___ MATERIAL TO PROCESS

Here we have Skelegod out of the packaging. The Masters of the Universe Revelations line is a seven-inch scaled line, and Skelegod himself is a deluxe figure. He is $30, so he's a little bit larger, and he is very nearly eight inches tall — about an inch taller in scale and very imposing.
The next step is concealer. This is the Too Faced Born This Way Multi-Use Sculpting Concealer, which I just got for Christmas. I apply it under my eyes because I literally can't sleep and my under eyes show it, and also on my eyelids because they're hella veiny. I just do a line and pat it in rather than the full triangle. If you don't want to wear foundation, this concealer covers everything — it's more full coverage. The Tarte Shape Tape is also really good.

______
___ MATERIAL TO PROCESS

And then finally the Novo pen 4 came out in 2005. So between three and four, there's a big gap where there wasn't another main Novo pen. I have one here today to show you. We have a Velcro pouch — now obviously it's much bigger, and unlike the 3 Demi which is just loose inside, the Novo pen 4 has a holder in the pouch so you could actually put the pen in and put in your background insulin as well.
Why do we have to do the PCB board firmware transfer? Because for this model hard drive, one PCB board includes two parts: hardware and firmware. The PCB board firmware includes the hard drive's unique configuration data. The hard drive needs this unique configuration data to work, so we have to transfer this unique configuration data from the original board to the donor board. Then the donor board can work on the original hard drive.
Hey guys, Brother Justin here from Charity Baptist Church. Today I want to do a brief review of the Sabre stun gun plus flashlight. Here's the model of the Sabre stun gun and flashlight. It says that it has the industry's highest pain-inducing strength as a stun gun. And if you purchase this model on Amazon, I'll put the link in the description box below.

______
___ MATERIAL TO PROCESS

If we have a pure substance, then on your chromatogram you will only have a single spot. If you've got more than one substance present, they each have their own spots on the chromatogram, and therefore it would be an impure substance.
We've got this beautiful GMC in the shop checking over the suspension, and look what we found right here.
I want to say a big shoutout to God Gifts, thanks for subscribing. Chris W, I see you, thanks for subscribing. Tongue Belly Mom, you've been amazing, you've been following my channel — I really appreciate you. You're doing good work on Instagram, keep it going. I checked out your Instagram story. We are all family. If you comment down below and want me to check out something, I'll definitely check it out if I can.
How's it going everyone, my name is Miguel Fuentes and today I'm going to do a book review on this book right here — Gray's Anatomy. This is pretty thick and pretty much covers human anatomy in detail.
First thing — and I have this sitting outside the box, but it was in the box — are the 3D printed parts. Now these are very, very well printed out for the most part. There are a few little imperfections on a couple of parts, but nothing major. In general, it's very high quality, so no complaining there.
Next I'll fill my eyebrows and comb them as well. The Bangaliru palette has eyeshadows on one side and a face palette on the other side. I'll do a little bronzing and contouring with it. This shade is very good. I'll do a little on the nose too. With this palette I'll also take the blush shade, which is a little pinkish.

______

Copy the records above exactly, beginning at the line that contains "How's it going" and stopping after the line that contains "First thing —".

YOUR SOLUTION:
How's it going everyone, my name is Miguel Fuentes and today I'm going to do a book review on this book right here — Gray's Anatomy. This is pretty thick and pretty much covers human anatomy in detail.
First thing — and I have this sitting outside the box, but it was in the box — are the 3D printed parts. Now these are very, very well printed out for the most part. There are a few little imperfections on a couple of parts, but nothing major. In general, it's very high quality, so no complaining there.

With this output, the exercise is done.